## [Work required]
Return the entries in full, exactly as written.

## [Records for the task]
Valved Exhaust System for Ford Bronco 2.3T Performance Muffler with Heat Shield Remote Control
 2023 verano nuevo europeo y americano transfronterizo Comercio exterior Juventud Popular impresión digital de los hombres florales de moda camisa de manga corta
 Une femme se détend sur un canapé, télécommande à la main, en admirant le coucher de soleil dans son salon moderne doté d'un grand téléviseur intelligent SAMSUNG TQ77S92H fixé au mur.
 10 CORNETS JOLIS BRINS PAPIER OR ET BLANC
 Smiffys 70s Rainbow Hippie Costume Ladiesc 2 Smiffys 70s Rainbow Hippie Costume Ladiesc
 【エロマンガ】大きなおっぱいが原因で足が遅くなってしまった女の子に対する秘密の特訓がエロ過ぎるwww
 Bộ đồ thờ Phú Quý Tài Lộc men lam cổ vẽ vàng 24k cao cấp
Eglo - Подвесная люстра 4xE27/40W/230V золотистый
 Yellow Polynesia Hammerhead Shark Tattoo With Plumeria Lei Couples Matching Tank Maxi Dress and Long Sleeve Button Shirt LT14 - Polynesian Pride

## [Answer for this exercise]
Valved Exhaust System for Ford Bronco 2.3T Performance Muffler with Heat Shield Remote Control
 2023 verano nuevo europeo y americano transfronterizo Comercio exterior Juventud Popular impresión digital de los hombres florales de moda camisa de manga corta
 Une femme se détend sur un canapé, télécommande à la main, en admirant le coucher de soleil dans son salon moderne doté d'un grand téléviseur intelligent SAMSUNG TQ77S92H fixé au mur.
 10 CORNETS JOLIS BRINS PAPIER OR ET BLANC
 Smiffys 70s Rainbow Hippie Costume Ladiesc 2 Smiffys 70s Rainbow Hippie Costume Ladiesc
 【エロマンガ】大きなおっぱいが原因で足が遅くなってしまった女の子に対する秘密の特訓がエロ過ぎるwww
 Bộ đồ thờ Phú Quý Tài Lộc men lam cổ vẽ vàng 24k cao cấp
Eglo - Подвесная люстра 4xE27/40W/230V золотистый
 Yellow Polynesia Hammerhead Shark Tattoo With Plumeria Lei Couples Matching Tank Maxi Dress and Long Sleeve Button Shirt LT14 - Polynesian Pride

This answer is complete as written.